On 28 of February UN-Habitat released its State of African Cities report, with a focus on “re-imagining sustainable urban transitions.” Having lived in Addis Ababa for the last nine months, I thought it would be an interesting exercise to compare the information presented in the latest report with my own personal experience and knowledge of the city. From which I could assess the relative accuracy and usefulness of the information presented in the report and whether is reflects the reality ‘on the ground’ so to speak.

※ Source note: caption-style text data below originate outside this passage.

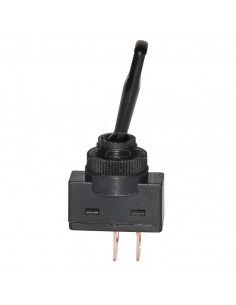 Conmutador de palanca encendido/apagado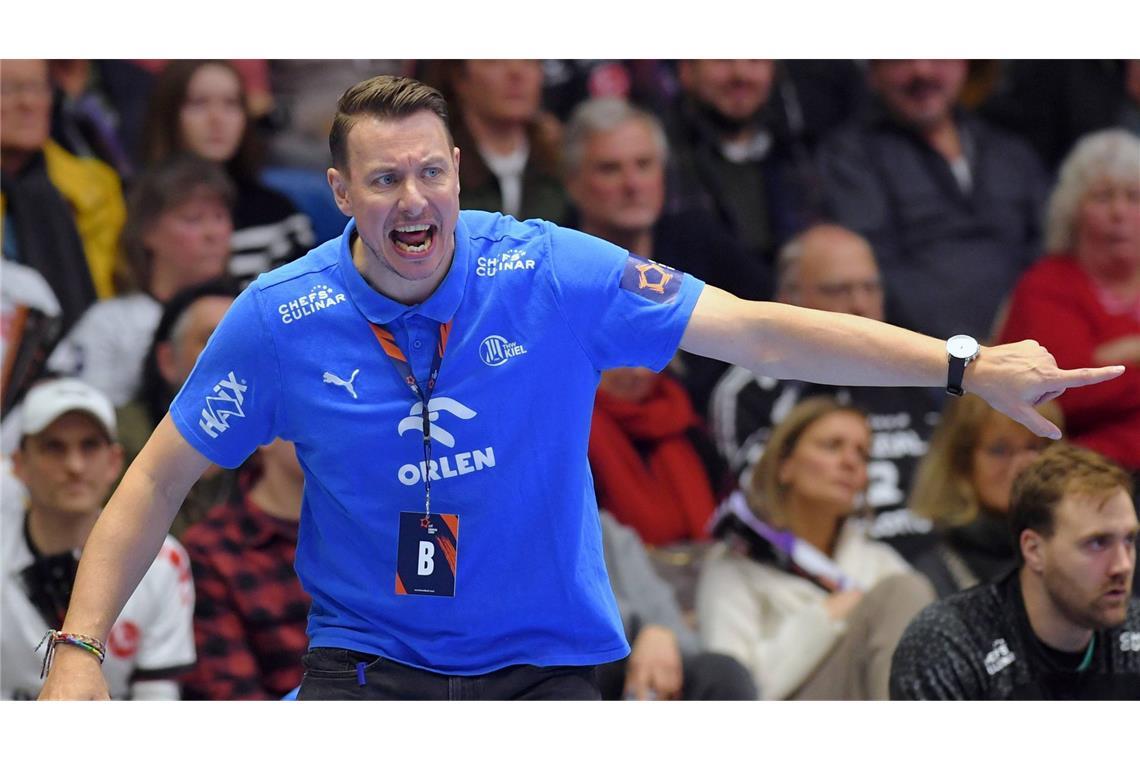 Filip Jicha (THW Kiel, 43 Jahre alt): Der Tscheche gewann als Spieler mehrfach die Champions League und wurde 2010 zum Welthandballer gekürt. Seit 2019 steht er als Cheftrainer beim THW Kiel an der Seitenlinie und holte in seiner ersten Saison sofort die Meisterschaft sowie später die Champions-League-Krone. Damit schrieb er Geschichte als einer der wenigen, die diesen Titel sowohl als Spieler als auch als Trainer errangen.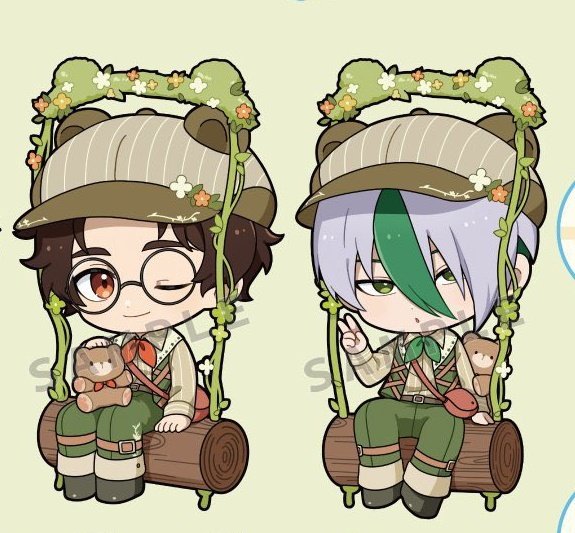 tabimiteitaken's tweet photo. EITAKEN POST! Also do not tell me they dont look cute here cuz like AWWW so cute https://t.co/z9rbtBw91F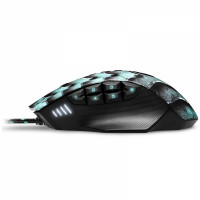 Slika Sharkoon Drakonia II Green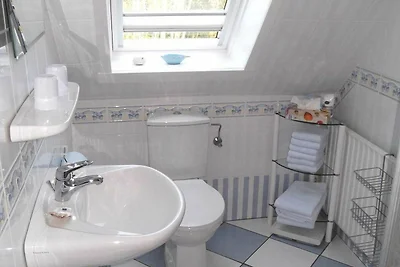 Holiday flat family holiday Wyk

The section headings below reflect those used in the State of Africa Cities report where Addis Ababa is mentioned and I have added my reflections on the information provided.
Urban Spatial Transitions
The first reference to Addis Ababa comes in the report’s discussion about urban spatial transitions, specifically the stage referred to as Extended Metropolitan Regions. These Extended Metropolitan Regions are defined as “…a large to very large regional urban system comprising multiple towns and other settlements, centred on a single metropolitan core and which functions as a de facto single urban entity.” Presumably in the case of Addis Ababa this refers to the urban corridors that link the city with the nearby towns of Bishoftu, Sabeta, and Holeta, which have a combined population of approximately 4 million.
The report states that the Extended Metropolitan Region of Addis Ababa and other African cities “…could soon qualify as de facto “megacities” if a wider concept than that dictated by somewhat artificial administrative municipal boundaries is taken into account.”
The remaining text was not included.